Following her time with the CDC, Kroll applied to the Laboratory Technology (Lab Tech) Associate Program at Oak Ridge National Laboratory (ORNL). Administered by ORISE, the Lab Tech program offers undergraduate students and recent bachelor’s or associate graduates an opportunity to develop their technical skills at ORNL, the U.S. Department of Energy’s largest science and energy technology laboratory.
“I wanted to stretch my skill set and experience a broader scientific impact from a different perspective,” Kroll said of what drew her to the Lab Tech program. “I liked the idea of supporting the cutting-edge research that takes place at ORNL.”

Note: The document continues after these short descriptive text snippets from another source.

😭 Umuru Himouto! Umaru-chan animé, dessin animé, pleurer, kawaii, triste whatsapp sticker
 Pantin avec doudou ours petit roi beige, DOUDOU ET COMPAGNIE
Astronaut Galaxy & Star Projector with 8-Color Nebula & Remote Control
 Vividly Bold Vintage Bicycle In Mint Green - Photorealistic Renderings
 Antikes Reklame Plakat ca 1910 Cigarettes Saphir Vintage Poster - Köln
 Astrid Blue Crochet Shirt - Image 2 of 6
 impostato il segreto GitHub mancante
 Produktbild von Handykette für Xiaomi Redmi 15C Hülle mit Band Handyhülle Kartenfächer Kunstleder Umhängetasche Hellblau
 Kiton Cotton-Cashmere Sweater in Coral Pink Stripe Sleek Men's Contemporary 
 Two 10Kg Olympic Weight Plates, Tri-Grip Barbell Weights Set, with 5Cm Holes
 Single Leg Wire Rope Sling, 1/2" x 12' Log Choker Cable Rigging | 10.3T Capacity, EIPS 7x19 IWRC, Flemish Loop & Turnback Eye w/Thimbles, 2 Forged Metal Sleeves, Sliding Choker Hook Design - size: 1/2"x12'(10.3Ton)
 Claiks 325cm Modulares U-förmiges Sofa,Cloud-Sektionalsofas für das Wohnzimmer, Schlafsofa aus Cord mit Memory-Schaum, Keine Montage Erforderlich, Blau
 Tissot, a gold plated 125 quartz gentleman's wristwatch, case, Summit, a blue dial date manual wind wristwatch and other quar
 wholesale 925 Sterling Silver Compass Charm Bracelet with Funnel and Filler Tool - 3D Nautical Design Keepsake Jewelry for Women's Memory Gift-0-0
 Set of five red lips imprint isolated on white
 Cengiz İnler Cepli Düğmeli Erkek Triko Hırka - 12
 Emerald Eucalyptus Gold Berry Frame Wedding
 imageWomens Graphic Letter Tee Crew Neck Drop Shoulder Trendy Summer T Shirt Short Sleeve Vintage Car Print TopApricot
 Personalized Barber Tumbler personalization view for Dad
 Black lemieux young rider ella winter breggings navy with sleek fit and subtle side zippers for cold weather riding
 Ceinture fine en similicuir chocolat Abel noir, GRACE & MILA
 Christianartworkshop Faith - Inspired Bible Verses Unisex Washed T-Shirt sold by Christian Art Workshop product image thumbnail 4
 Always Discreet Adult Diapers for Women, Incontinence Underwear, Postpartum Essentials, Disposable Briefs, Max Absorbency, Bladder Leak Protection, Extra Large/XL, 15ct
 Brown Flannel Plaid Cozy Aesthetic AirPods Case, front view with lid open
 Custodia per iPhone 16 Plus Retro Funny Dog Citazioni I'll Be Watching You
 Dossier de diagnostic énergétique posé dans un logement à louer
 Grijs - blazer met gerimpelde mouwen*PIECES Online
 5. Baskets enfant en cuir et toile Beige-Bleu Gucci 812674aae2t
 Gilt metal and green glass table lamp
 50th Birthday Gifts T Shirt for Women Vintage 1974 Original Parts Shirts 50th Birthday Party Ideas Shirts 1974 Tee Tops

Under the guidance of John Carruth, scientific associate team lead in ORNL’s Neutron Sciences Directorate and former ORISE participant, Kroll supported neutron scattering experiments at ORNL’s various beam lines. Her internship involved upgrading instruments, coordinating with teams to plan for experiments and training users.
“What I found most beneficial during my internship was collaborating with a large group of experts,” she said. “It is amazing to see how quickly a project can come together when the right people are involved.”
Following her Lab Tech internship, Kroll was hired on full-time as a scientific associate in the Neutron Sciences Directorate. In this role, she coordinates operations for neutron scattering instruments at ORNL’s High Flux Isotope Reactor.
“My internship experience with ORISE introduced me to various fields and helped direct me to where I am today,” she said. “The collaboration, growth and leadership skills I have developed were made possible by my ORISE experience. I am thankful for the mentors who encouraged me, advocated for me and taught me how to be a leader by the examples they set.”
Since her internship, Kroll has had an active role with ORNL’s Women in Neutron Sciences (WiNS) group, most recently serving as the WiNS Outreach and Networking lead.
“It’s been an empowering chance to connect with others around the lab, learn about diversity and get to know the people I work with,” she said.
The Lab Tech program at ORNL is administered by the Oak Ridge Institute for Science and Education (ORISE) for the U.S. Department of Energy.